- _SUPPLIED DATA_:
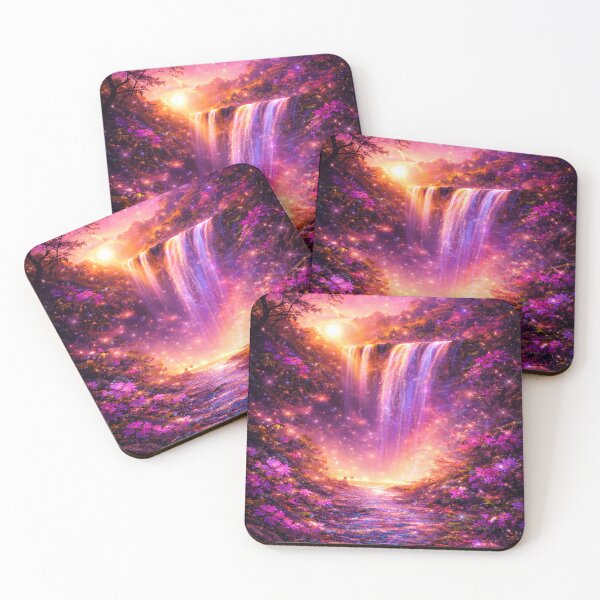 Item preview, an amazing river with a waterfall in the sunlight designed and sold by Shopping Alley.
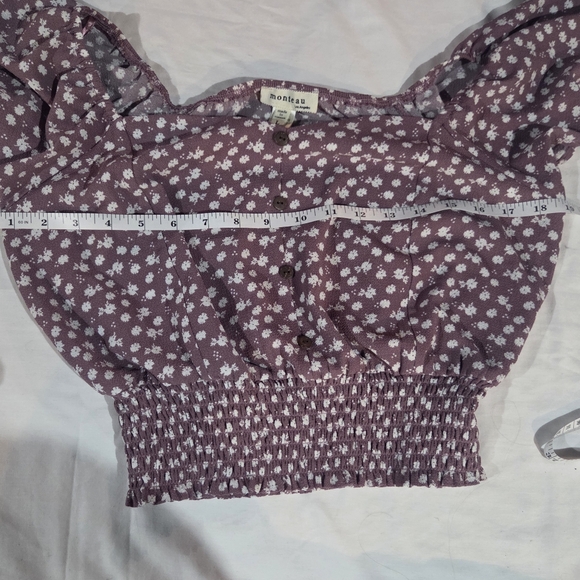 Monteau Mauve Floral Blouse - Picture 5 of 6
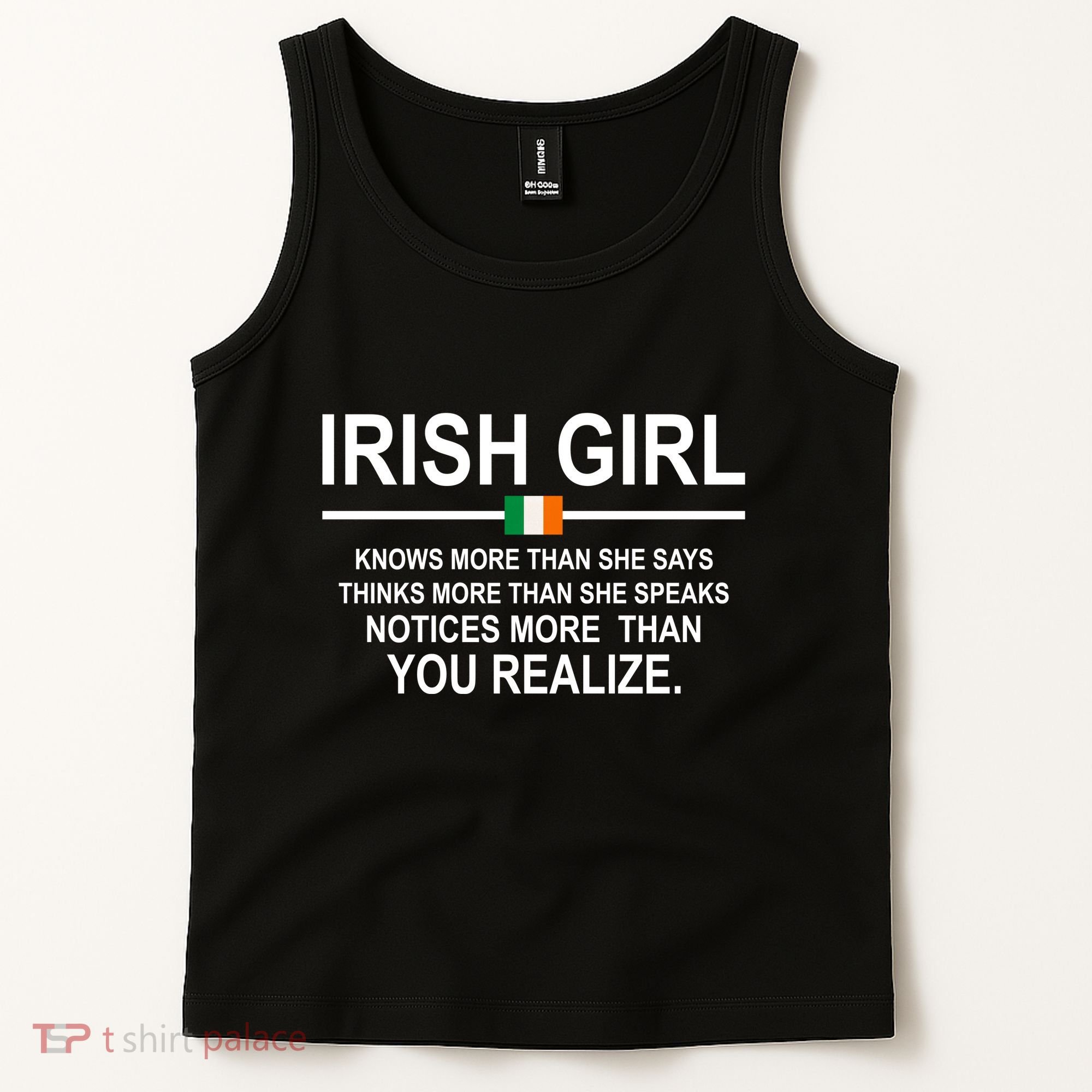 Irish Girl Funny Definition St Patricks Day Tank Top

- _WHAT TO PRODUCE_: Please return the full listing word for word, but without any pictures.

- _OUTPUT OF THE EXERCISE_:
 Item preview, an amazing river with a waterfall in the sunlight designed and sold by Shopping Alley.
 Monteau Mauve Floral Blouse - Picture 5 of 6
 Irish Girl Funny Definition St Patricks Day Tank Top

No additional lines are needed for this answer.